We will dig even more profound into vSAN and we’ll see how its components internally interact with each other. First of all, there are certain terminologies that need to be taken into account.
Terminologies
CLOM: Cluster Level Object Manager
DOM: Distributed Object Manager
LSOM: Local Log-Structured Object Manager
CMMDS: Cluster Membership, Monitoring, and Directory Services
RDT: Reliable Datagram Transport
CLOM
This component of vSAN manages and takes care of the overall operations of vSAN cluster and it runs on every host in a cluster. As pointed out earlier in another blogpost, we have objects as a unit of storage that will be stored on vSAN datastore, and storage policies will be applied to these objects. CLOM does the followings:
- It validates whether or not an object should be created to comply with policies.
- It does the creation and migration of objects.
- It load-balances between vSAN nodes.
- It is responsible for proactive and reactive rebalancing.
DOM
DOM also runs on every host in a vSAN cluster. I/O requests are serviced initially through DOM.
It also does the replication of objects. On the other hand, DOM interacts with CLOM and DOMs on other hosts. In other words, CLOM will tell what DOM has to do.
The other important thing that DOM will take care of is telling LSOM to create local components of an object:
- DOM services on all hosts interact with each other to create components.
- during recovery, all DOMs will synchronize objects.

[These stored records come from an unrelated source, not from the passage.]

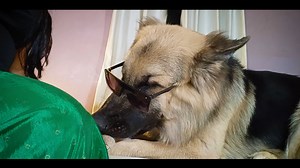 The German Shepherd's temperament is intelligent, loyal and energetic. Reserved but friendly. Generally enjoy the company of their family and can struggle with separation anxiety. German Shepherds are not naturally aggressive but their protective instinct means they can be hesitant when first meeting strangers. #CameraBaba #doggo #germanshepherdofinstagram #germanshepherdworld #gsdnation #dogtraining #sch #cute #husky #gsddaily #instagram #gsdlover #dogphotography #germanshepherdlovers #germansh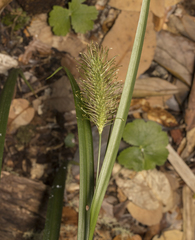 Carex erinacea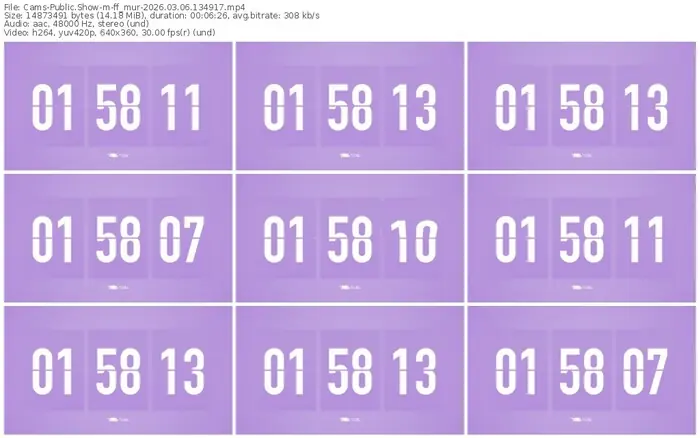 cams-ff_mur-03-06-2026-13-49-17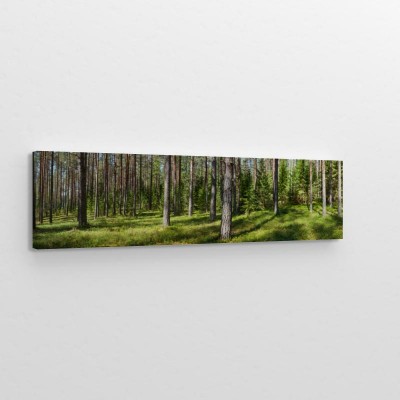 Obraz na płótnie Letnia panorama lasu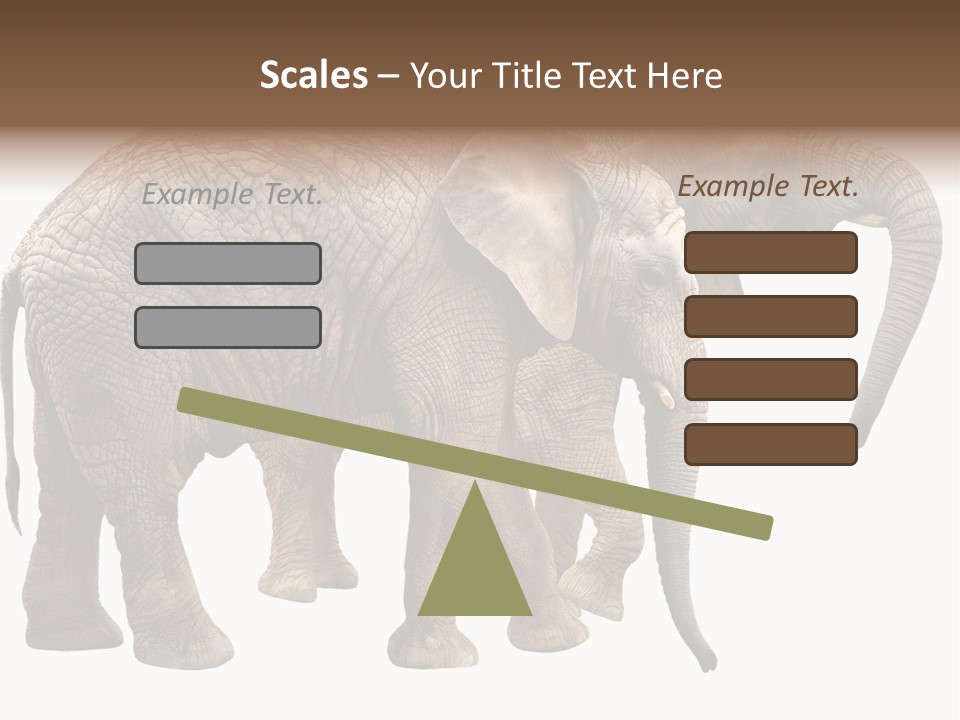 One Natural Tusk PowerPoint Template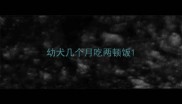 幼犬几个月吃两顿饭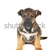 perro · marrón · pelo · animales · estudio · hermosa · mascotas - foto stock © taden
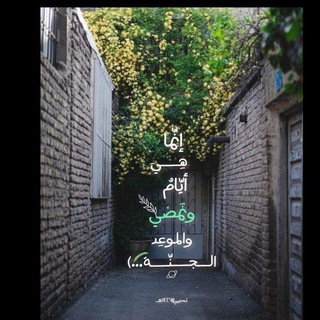 Telegram profile photo for سلامة القلب 🤍🌷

In a vSAN cluster, an object has certain characteristics:
- DOM owner
- DOM client
- DOM component manager
DOM Client: Processes the I/O request sent from the VM, therefore, it will run on every node that has running VMs. It also forwards I/O to the DOM owner.
DOM Owner: Receives the forwarded I/O by DOM client and ensures object accessibility. It also replicates I/O based on object RAID levels. It determines in which components the data block resides. It forwards the I/O to DOM component manager.
DOM component Manager: Interacts with the LSOM locally to commit the I/O to the physical disk.
LSOM
LSOM as its name represents handles operations related to local physical disks including, creating components instructed by DOM and providing read caching and write buffering. It also provides the encryption process.
it interacts with the physical disks and reports unhealthy devices and performs I/O retries on failing devices. When a vSAN node boots up, it automatically tries to perform log recovery and LSOM is taking care of that.
CMMDS
CMMDS records some of the information such as owners of the objects and metadata information. it also defines master, backup and agent cluster roles.
RDT
Reliable Datagram Transport is a network protocol that carries vSAN traffic.
These were some of the internal components of vSAN and understanding them would help troubleshoot vSAN issue much better.